Na B3, cerca de 10% dos contratos de opção de compra de dólar para janeiro de 2019 têm valor de referência acima de R$ 4,50, indicando alguma proteção contra o cenário mais adverso. Se o dólar superar esse nível no começo do ano que vem, vale a pena exercer o direto de compra ao preço estabelecido no contrato. Vale observar que as opções de compra da moeda superam as de venda. 

"Com a conjuntura externa e interna atual, o risco de uma deterioração dos ativos locais é maior do que o oposto, e isso tende a ser determinante no posicionamento", diz o operador Cleber Alessie Machado, da H.Commcor.

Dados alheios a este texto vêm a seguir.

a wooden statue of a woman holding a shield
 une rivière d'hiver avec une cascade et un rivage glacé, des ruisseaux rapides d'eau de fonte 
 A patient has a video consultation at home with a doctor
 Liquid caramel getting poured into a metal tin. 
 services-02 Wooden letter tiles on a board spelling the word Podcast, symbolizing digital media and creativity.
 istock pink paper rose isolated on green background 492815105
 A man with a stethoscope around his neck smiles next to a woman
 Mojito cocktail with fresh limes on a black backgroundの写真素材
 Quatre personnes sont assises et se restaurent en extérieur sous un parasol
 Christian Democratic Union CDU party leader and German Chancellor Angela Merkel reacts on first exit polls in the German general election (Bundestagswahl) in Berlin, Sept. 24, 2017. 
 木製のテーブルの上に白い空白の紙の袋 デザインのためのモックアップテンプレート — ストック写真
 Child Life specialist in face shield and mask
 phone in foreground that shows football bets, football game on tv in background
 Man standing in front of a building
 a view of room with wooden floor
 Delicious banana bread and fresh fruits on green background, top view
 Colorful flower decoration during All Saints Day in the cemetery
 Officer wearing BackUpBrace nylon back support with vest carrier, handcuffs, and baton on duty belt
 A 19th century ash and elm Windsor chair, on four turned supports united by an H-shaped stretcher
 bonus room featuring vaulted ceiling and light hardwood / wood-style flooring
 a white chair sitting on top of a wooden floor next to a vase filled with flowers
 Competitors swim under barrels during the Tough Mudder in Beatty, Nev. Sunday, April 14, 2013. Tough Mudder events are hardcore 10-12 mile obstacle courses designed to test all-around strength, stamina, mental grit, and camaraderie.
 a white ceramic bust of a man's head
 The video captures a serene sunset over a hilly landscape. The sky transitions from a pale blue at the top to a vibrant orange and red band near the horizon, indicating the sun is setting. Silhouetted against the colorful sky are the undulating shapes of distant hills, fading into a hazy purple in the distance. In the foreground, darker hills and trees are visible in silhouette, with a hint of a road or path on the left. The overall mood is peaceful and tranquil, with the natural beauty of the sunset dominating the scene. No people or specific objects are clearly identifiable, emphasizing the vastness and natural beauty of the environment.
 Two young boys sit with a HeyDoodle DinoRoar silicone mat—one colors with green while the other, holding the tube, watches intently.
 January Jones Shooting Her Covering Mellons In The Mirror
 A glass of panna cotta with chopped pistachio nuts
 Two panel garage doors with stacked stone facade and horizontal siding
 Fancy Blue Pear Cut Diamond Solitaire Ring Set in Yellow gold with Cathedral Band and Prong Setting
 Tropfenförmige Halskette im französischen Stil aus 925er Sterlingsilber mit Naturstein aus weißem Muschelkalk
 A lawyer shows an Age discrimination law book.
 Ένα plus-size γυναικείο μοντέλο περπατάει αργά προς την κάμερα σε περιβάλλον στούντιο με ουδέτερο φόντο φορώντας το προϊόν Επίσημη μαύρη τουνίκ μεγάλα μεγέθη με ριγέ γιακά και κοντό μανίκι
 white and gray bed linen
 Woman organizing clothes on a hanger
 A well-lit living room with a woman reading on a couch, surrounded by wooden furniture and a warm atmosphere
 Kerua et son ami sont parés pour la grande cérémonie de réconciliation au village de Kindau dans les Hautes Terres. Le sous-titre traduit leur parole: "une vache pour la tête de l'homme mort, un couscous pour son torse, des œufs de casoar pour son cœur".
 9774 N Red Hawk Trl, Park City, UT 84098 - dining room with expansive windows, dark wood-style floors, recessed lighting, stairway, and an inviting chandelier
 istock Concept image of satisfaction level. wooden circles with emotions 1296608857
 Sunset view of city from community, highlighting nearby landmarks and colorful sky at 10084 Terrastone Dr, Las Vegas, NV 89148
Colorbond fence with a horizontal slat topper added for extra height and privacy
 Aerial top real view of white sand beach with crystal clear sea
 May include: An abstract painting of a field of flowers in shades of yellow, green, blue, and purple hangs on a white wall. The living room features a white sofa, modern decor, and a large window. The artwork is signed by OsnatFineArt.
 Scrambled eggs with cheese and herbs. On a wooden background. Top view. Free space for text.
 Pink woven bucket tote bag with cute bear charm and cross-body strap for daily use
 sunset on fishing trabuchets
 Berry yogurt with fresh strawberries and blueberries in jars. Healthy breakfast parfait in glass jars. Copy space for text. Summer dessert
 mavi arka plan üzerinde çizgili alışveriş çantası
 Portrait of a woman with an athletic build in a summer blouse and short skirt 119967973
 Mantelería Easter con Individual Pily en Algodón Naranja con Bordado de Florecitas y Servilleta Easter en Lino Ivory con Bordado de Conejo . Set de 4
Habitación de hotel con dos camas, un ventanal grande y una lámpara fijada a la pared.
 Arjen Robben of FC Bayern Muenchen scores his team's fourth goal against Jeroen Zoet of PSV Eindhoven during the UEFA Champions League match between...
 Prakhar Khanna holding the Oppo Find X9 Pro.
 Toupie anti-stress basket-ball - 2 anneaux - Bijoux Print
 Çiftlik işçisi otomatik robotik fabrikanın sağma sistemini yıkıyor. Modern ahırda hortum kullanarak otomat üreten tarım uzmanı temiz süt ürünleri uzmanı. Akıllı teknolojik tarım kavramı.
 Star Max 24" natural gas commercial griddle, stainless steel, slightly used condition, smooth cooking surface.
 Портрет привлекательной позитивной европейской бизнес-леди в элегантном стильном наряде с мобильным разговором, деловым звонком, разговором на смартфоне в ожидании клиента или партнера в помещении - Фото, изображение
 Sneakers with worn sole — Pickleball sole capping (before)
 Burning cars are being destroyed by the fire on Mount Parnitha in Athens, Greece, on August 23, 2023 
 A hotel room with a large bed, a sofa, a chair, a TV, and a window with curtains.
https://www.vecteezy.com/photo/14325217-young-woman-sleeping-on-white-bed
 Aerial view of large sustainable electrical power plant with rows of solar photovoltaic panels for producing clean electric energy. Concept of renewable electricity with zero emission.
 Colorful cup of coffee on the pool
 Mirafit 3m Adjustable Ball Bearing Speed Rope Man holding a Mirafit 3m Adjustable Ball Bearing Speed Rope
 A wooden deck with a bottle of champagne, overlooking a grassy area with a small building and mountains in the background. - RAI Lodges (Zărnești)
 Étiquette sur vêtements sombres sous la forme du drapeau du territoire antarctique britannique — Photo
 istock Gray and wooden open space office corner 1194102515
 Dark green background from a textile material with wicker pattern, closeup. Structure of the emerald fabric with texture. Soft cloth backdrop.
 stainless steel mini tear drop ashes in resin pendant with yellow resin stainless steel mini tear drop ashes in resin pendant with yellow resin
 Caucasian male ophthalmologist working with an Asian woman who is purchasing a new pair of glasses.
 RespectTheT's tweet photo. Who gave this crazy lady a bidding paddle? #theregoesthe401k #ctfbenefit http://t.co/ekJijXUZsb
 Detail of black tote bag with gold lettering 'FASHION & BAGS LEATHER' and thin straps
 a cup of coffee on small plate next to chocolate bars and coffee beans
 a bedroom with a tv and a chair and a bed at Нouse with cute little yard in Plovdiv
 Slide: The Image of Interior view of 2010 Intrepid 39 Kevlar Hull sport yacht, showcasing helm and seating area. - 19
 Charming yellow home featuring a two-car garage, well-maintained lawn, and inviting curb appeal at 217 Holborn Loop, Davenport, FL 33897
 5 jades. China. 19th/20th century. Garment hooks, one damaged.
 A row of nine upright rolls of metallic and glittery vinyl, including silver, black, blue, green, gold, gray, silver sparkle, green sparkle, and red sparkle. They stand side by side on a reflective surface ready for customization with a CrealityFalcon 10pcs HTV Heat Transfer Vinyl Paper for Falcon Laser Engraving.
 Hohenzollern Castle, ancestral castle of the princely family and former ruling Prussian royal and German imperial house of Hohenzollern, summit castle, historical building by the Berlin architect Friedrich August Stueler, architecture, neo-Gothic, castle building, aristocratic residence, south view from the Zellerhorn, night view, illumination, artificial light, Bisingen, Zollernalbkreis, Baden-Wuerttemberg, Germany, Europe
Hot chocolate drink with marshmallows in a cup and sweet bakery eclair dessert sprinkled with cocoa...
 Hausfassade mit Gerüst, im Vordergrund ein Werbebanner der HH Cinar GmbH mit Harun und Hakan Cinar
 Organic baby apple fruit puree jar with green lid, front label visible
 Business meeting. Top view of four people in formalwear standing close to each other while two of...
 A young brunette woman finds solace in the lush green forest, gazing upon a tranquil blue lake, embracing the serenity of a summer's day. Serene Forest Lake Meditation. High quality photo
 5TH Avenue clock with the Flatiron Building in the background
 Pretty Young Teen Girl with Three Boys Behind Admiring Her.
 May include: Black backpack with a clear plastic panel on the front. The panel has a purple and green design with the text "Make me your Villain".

Até a eleição, a moeda americana deve oscilar entre R$ 3,80 e R$ 4, aponta o economista Luciano Sobral, do Santander Brasil. "O mercado está menos confiante na vitória de um candidato reformista, é um cenário pior do que o nosso", diz. A projeção do banco - que também faz parte do Top 5 de médio prazo - foi mantida em R$ 3,50 desde o começo do ano. "Parecia exagerado antes e agora tem uma cobrança de que a taxa poderia ser mais alta", afirma Sobral.

A condição para esse cenário é a eleição de um candidato reformista. "Nesse caso, quem fez hedge ou quem tem uma aposta mais especulativa pode desfazer a posição, revertendo a pressão no câmbio", diz Sobral.

Por ora, a falta de informação sobre as propostas dos presidenciáveis se traduz num prêmio de risco muito elevado, que tende a ser ajustado com o andamento das campanhas eleitorais, diz Afonso Lima, da Mapfre. "Não precisa ser nem o céu, nem o inferno, pode ser que um candidato que não é governista ou reformista - como esperava o mercado no começo do ano - tenha propostas razoáveis", diz. E lá fora, acrescenta, a expectativa sobre o aperto monetário dos Estados Unidos tende a se ajustar diante de sinais menos intensos de crescimento da atividade.